**EXERCISE DIRECTIONS:** The copy you give must match the records exactly, except that it holds no images.
[SUPPLIED MATERIAL Boundary: Start]
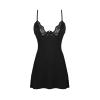 Сорочка Obsessive Bellastia chemise & thong, M/L, непрозора, фігурне декольте, стрінги в наборі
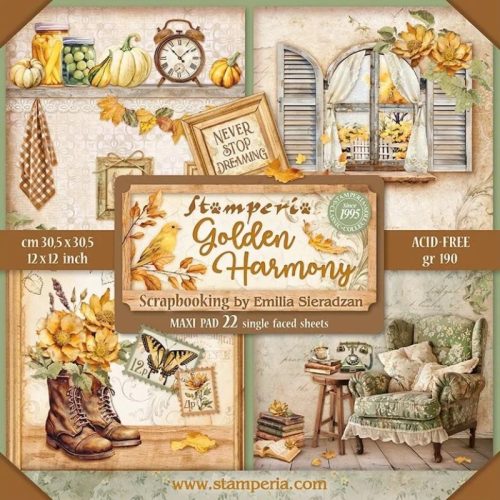 Stamperia – Golden Harmony Maxi paperilajitelma 30 x 30 cm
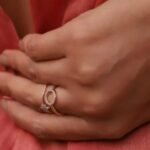 14K Solid Gold Circle Natural Diamond Ring - Image 7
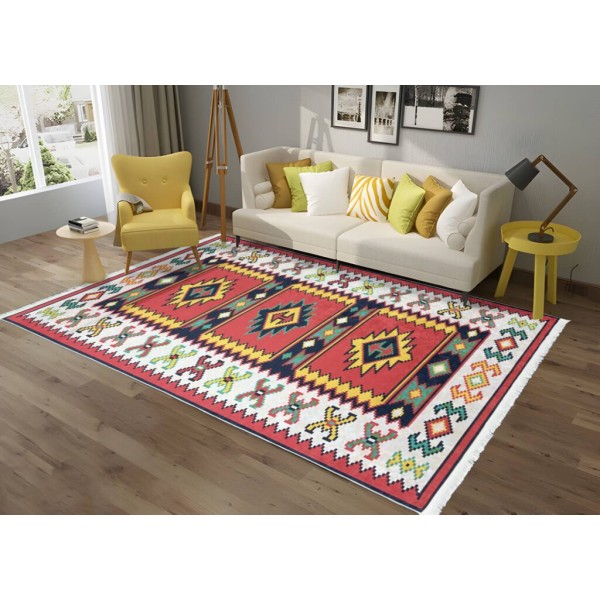 Covor Traditional Antiderapant, 80x150cm, Alb-Rosu-Galben, CAM-026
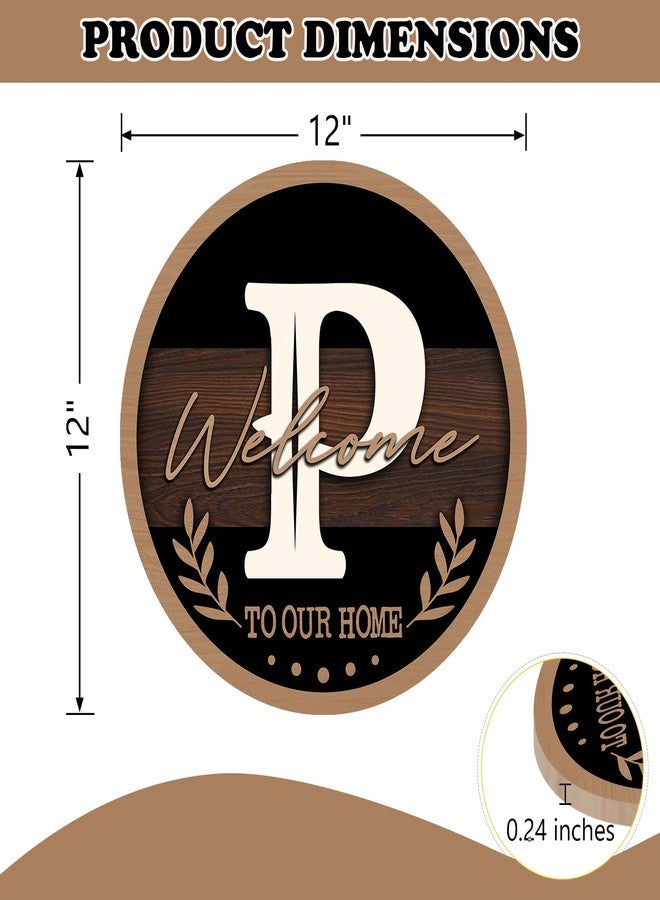 Bolisom Monogram Letter P Front Door Sign, Welcome to Our Home Family Last Name Initial Wooden Hanger Decor Housewarming Wedding Gifts, Farmhouse Rustic Wreath Indoor Wall Hanging Decoration with Bow - Image 2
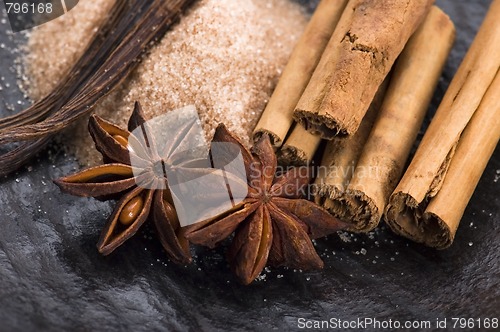Image of aromatic spices with brown sugar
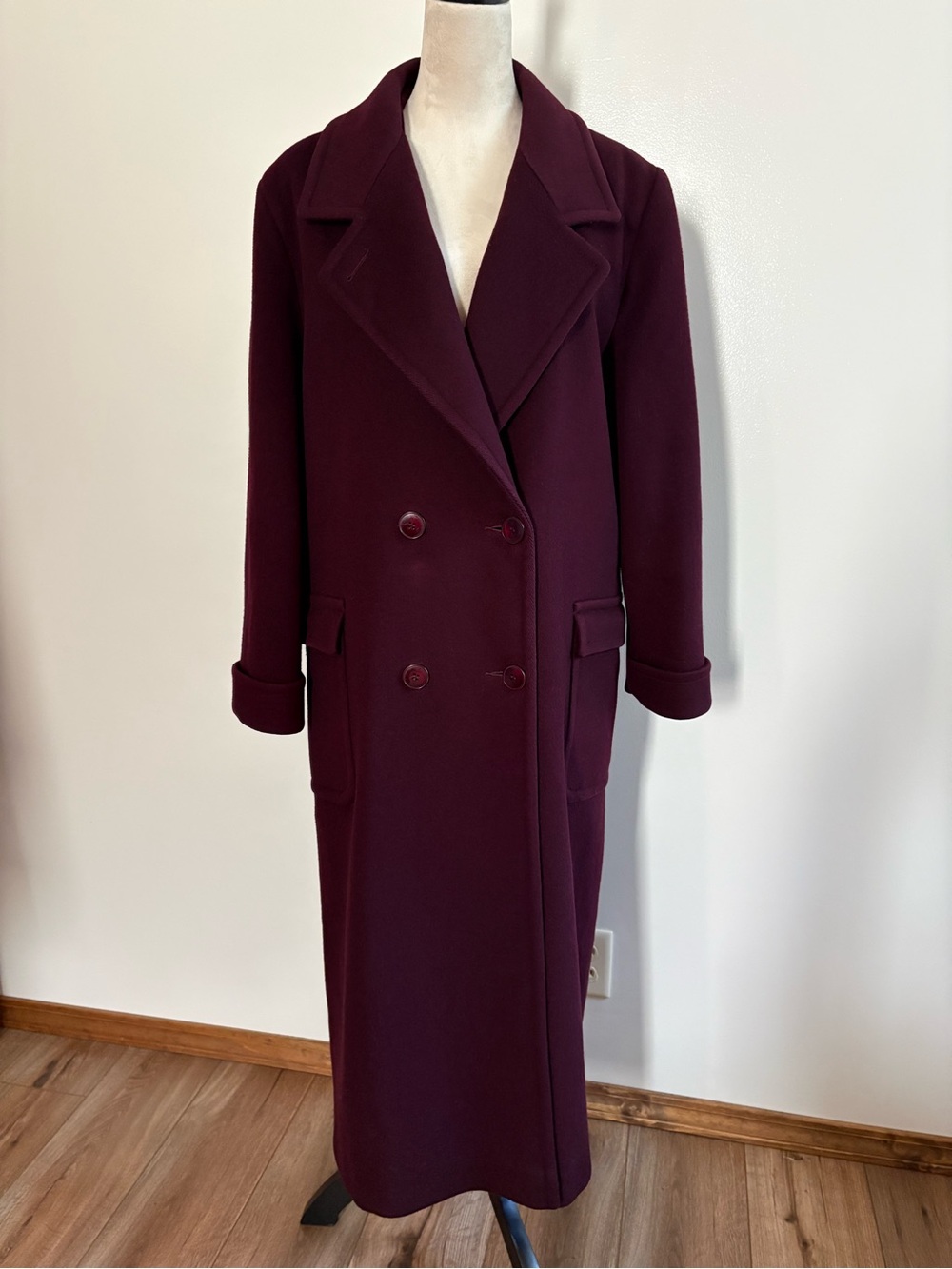 VTG 80s Forecaster of Boston Burgundy Pure Wool Double Breasted Trench Coat M/L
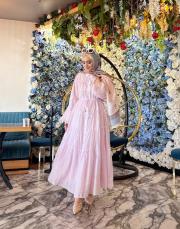 fırfır detay kat kat elbise pembe 3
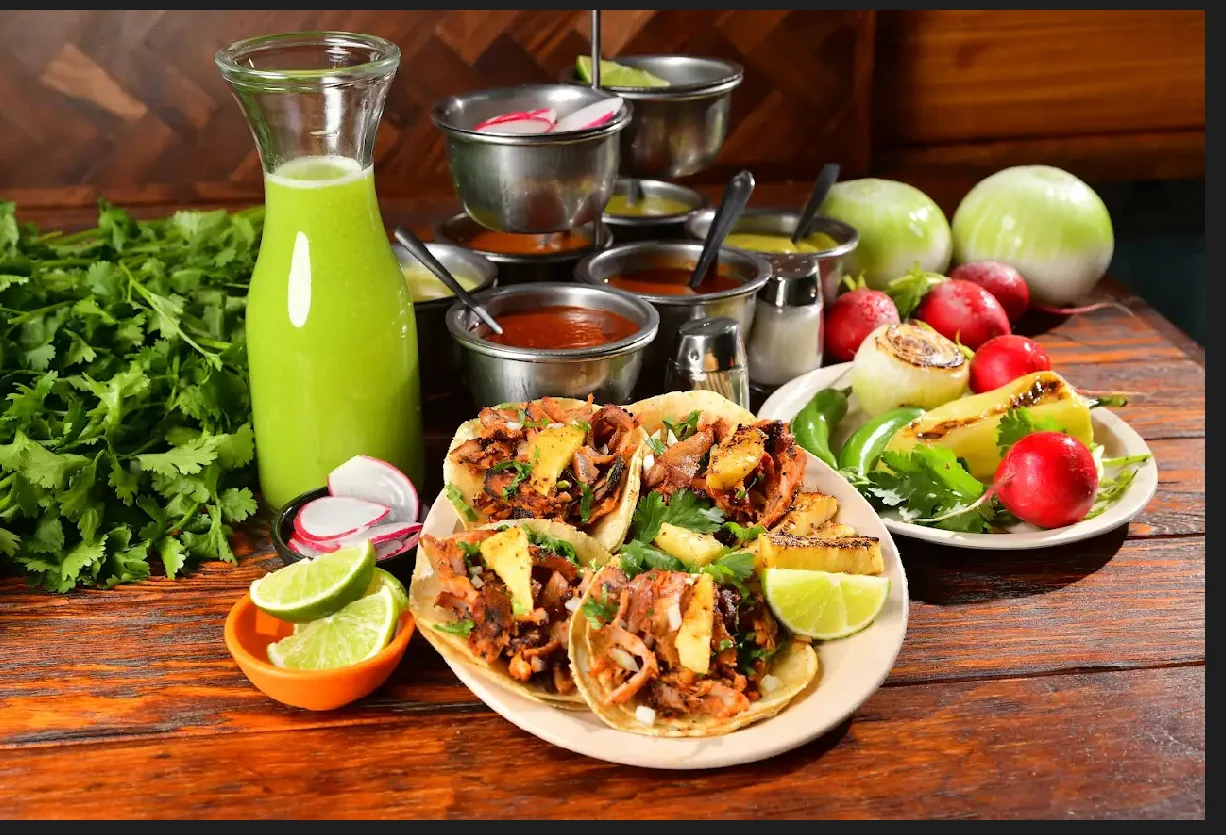 Delicious Mexican tacos al pastor with fresh toppings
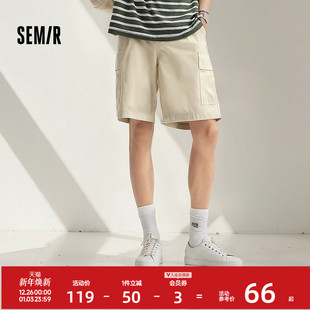 短裤 复古直筒五分裤 男夏薄款 美式 外穿2025大口袋休闲中裤 森马工装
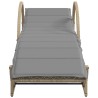 Chaise longue avec coussin beige 60x199x42 cm résine tressée 560927560927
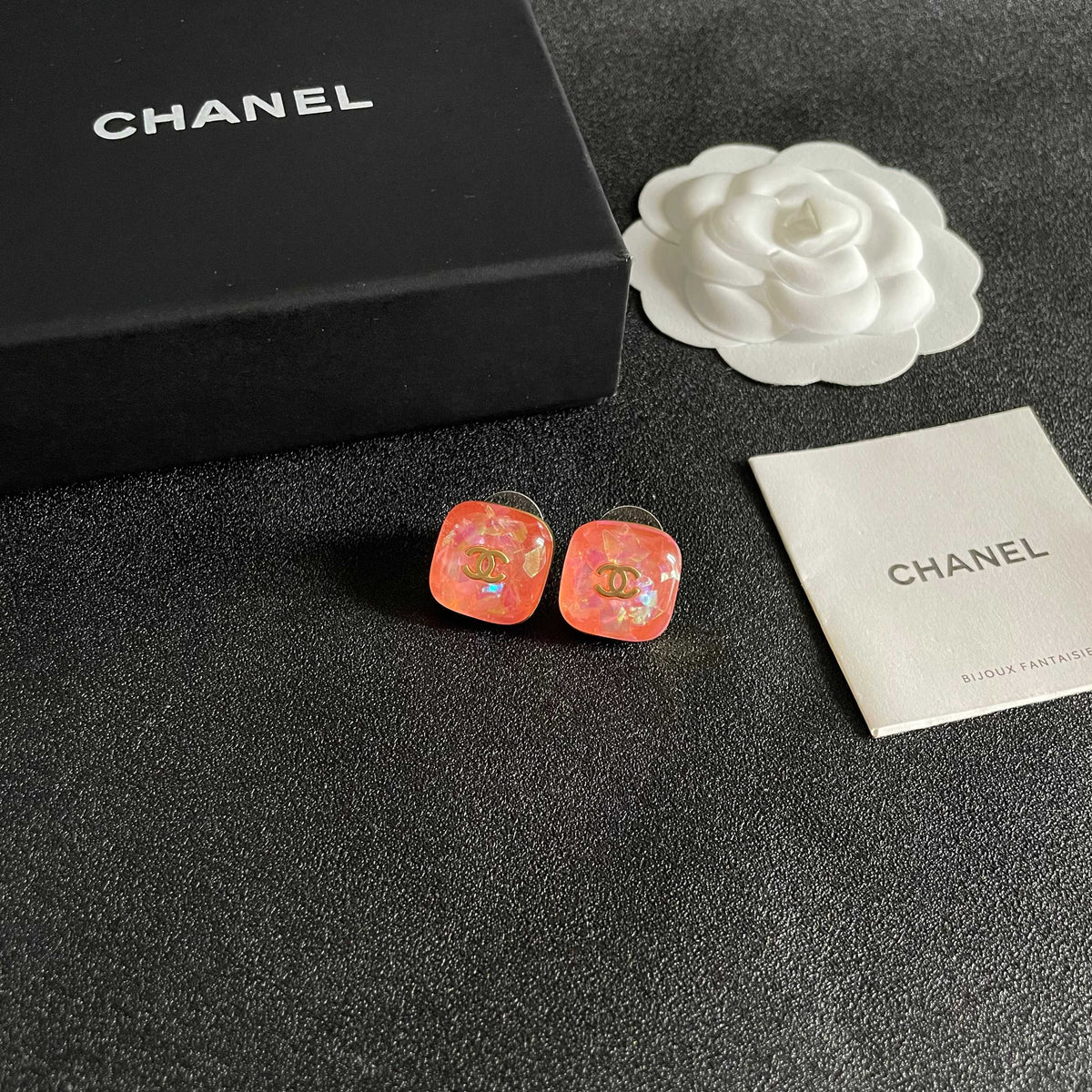 Double-C Emblem Stud Earrings in Polished Metal-Tone – Design 159 styled product view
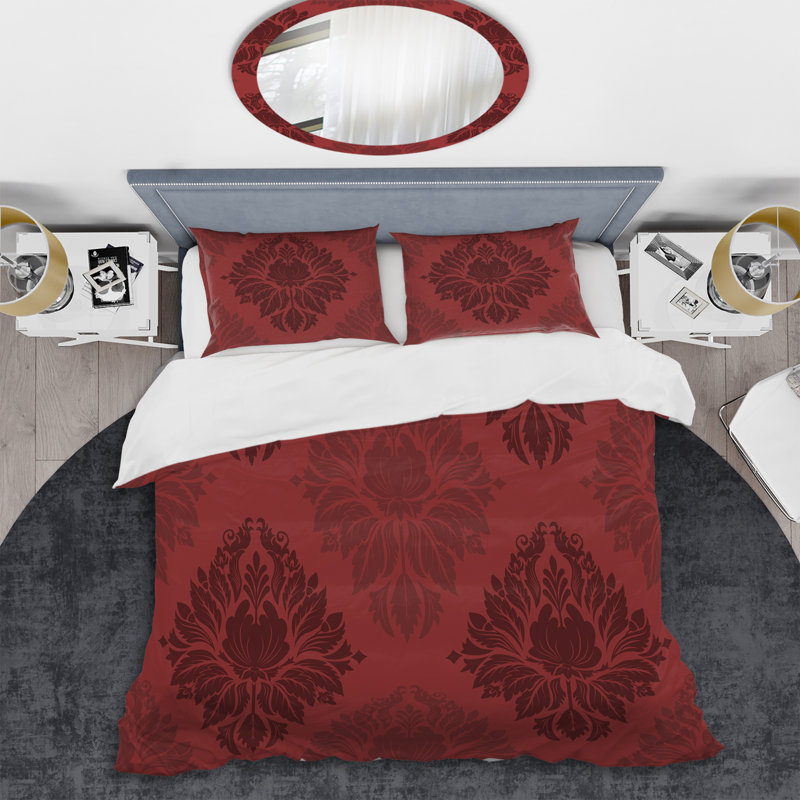 Damas rouge - ensemble de housse de couette abstrait - microfibre de polyester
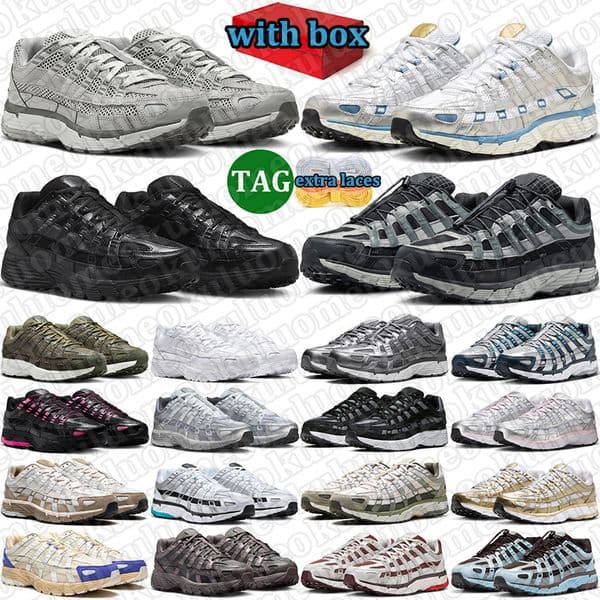 free shipping with box p6000 running shoes men women classic trainers outdoor durable sports sneakers Anthracite Smoke Grey Black White Coconut Milk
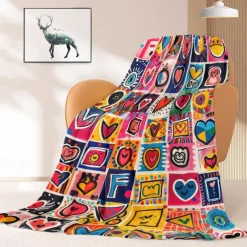Patchwork Heart Pattern Throws Blanket Flannel Throw Blankets Warm All Seasons Gifts Big Blanket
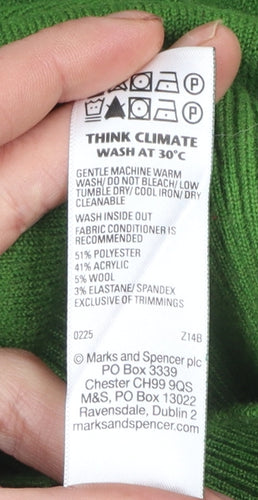 Marks and Spencer Women's Green V-Neck Pullover Jumper XS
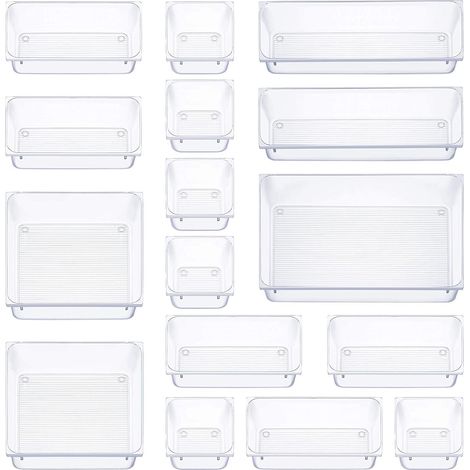 16 pièces organisateur tiroir, 5 tailles boite rangement tiroir, antidérapant organiseur maquillage, pour papeterie de bureau rangement, (transparent) (1/5)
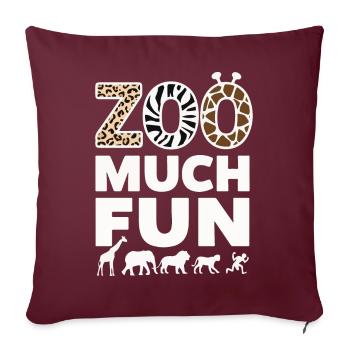 Animaux du zoo Gardien de zoo - Housse de coussin décorative 45 x 45 cm - bordeaux - Devant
[SUPPLIED MATERIAL Boundary: End]
**RESULT:**
 Сорочка Obsessive Bellastia chemise & thong, M/L, непрозора, фігурне декольте, стрінги в наборі
 Stamperia – Golden Harmony Maxi paperilajitelma 30 x 30 cm
 14K Solid Gold Circle Natural Diamond Ring - Image 7
 Covor Traditional Antiderapant, 80x150cm, Alb-Rosu-Galben, CAM-026
 Bolisom Monogram Letter P Front Door Sign, Welcome to Our Home Family Last Name Initial Wooden Hanger Decor Housewarming Wedding Gifts, Farmhouse Rustic Wreath Indoor Wall Hanging Decoration with Bow - Image 2
Image of aromatic spices with brown sugar
 VTG 80s Forecaster of Boston Burgundy Pure Wool Double Breasted Trench Coat M/L
 fırfır detay kat kat elbise pembe 3
 Delicious Mexican tacos al pastor with fresh toppings
 短裤 复古直筒五分裤 男夏薄款 美式 外穿2025大口袋休闲中裤 森马工装
 Chaise longue avec coussin beige 60x199x42 cm résine tressée 560927560927
 Double-C Emblem Stud Earrings in Polished Metal-Tone – Design 159 styled product view
 Damas rouge - ensemble de housse de couette abstrait - microfibre de polyester
 free shipping with box p6000 running shoes men women classic trainers outdoor durable sports sneakers Anthracite Smoke Grey Black White Coconut Milk
Patchwork Heart Pattern Throws Blanket Flannel Throw Blankets Warm All Seasons Gifts Big Blanket
 Marks and Spencer Women's Green V-Neck Pullover Jumper XS
 16 pièces organisateur tiroir, 5 tailles boite rangement tiroir, antidérapant organiseur maquillage, pour papeterie de bureau rangement, (transparent) (1/5)
 Animaux du zoo Gardien de zoo - Housse de coussin décorative 45 x 45 cm - bordeaux - Devant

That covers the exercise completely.